Requirement -> Restate all of the data exactly.

Data shown ->
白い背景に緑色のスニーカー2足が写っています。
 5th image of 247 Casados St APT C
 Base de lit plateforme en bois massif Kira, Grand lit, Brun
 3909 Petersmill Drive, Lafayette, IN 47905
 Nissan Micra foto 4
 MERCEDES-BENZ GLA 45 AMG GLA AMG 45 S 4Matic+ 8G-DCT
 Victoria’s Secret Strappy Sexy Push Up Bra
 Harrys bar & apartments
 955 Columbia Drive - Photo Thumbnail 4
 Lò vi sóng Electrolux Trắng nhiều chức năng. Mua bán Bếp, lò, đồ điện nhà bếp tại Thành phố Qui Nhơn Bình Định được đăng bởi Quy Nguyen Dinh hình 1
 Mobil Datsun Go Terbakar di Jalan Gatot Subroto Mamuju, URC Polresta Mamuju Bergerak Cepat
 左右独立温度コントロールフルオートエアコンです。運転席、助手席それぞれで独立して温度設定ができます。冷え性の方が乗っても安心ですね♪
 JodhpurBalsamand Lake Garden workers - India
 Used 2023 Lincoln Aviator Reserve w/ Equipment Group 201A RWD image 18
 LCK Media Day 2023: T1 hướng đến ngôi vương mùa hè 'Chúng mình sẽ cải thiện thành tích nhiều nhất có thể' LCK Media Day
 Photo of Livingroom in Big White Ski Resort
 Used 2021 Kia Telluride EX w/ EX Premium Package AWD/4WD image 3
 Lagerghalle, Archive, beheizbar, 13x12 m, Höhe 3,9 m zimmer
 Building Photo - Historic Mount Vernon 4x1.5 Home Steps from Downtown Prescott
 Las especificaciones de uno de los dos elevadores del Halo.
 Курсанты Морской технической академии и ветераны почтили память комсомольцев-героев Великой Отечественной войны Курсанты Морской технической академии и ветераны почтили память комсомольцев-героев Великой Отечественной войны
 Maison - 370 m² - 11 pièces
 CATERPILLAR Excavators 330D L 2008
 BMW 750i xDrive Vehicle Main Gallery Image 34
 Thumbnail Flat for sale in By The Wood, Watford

Task answer ->
白い背景に緑色のスニーカー2足が写っています。
 5th image of 247 Casados St APT C
 Base de lit plateforme en bois massif Kira, Grand lit, Brun
 3909 Petersmill Drive, Lafayette, IN 47905
 Nissan Micra foto 4
 MERCEDES-BENZ GLA 45 AMG GLA AMG 45 S 4Matic+ 8G-DCT
 Victoria’s Secret Strappy Sexy Push Up Bra
 Harrys bar & apartments
 955 Columbia Drive - Photo Thumbnail 4
 Lò vi sóng Electrolux Trắng nhiều chức năng. Mua bán Bếp, lò, đồ điện nhà bếp tại Thành phố Qui Nhơn Bình Định được đăng bởi Quy Nguyen Dinh hình 1
 Mobil Datsun Go Terbakar di Jalan Gatot Subroto Mamuju, URC Polresta Mamuju Bergerak Cepat
 左右独立温度コントロールフルオートエアコンです。運転席、助手席それぞれで独立して温度設定ができます。冷え性の方が乗っても安心ですね♪
 JodhpurBalsamand Lake Garden workers - India
 Used 2023 Lincoln Aviator Reserve w/ Equipment Group 201A RWD image 18
 LCK Media Day 2023: T1 hướng đến ngôi vương mùa hè 'Chúng mình sẽ cải thiện thành tích nhiều nhất có thể' LCK Media Day
 Photo of Livingroom in Big White Ski Resort
 Used 2021 Kia Telluride EX w/ EX Premium Package AWD/4WD image 3
 Lagerghalle, Archive, beheizbar, 13x12 m, Höhe 3,9 m zimmer
 Building Photo - Historic Mount Vernon 4x1.5 Home Steps from Downtown Prescott
 Las especificaciones de uno de los dos elevadores del Halo.
 Курсанты Морской технической академии и ветераны почтили память комсомольцев-героев Великой Отечественной войны Курсанты Морской технической академии и ветераны почтили память комсомольцев-героев Великой Отечественной войны
 Maison - 370 m² - 11 pièces
 CATERPILLAR Excavators 330D L 2008
 BMW 750i xDrive Vehicle Main Gallery Image 34
 Thumbnail Flat for sale in By The Wood, Watford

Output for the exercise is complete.